There are plenty of 16:9 crops (and even 17:9) crops available here, but the open gate 6K is using all of the pixels of the sensor for recording video just as it would for recording stills. That results in a 3:2 aspect ratio, which looks like this:

There’s obviously a whole lot more on frame that would have been cropped out in a 16:9 crop. It gives more flexibility to the videographer in post, as with those extra pixels they could more easily produce a vertical crop for a reel:

This is what enables the camera to do the short clips in 9:16 (vertical) while in vlogging mode. It is taking the crop from the open gate image rather than requiring the photographer to rotate the camera vertically.

So, just know that you won’t get 6K 16:9 footage. If you want to do the typical widescreen look, you will have to do a 16:9 crop in post. The good news is that you’ll have more flexibility on how you choose to frame those shots, as you can crop closer to the top or bottom than would normally be allowed.

4K60 recording is also available, though that does come with a mild 1.18x crop (though that is more than the ZV-E10 II and its 1.10x crop). 4K30 or 4K24 is shot without any crop.

Bitrates range from 8Mbps to 200Mbps, and footage will come in either the MOV or MP4 wrapper depending on your choices. Here’s a list of some of the bitrates and framerates available.

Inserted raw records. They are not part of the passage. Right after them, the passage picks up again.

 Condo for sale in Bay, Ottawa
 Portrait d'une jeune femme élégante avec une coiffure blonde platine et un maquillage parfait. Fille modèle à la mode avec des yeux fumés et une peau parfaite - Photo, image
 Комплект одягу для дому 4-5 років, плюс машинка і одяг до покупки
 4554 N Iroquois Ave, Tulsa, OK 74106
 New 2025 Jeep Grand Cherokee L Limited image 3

There are high speed full HD modes available in either 17:9 or 16:9 aspect ratios with framerates as high as 240FPS. These will be shot in the higher 200Mbps bitrates.

Both FLog 2 and HLG recording are available, and of course all of Fuji’s film simulations and your custom tweaks can be made. There is a digital stabilization available when shooting movies, though that does come with a pretty significant crop attached to it (as much as 1.44x, depending on shooting mode).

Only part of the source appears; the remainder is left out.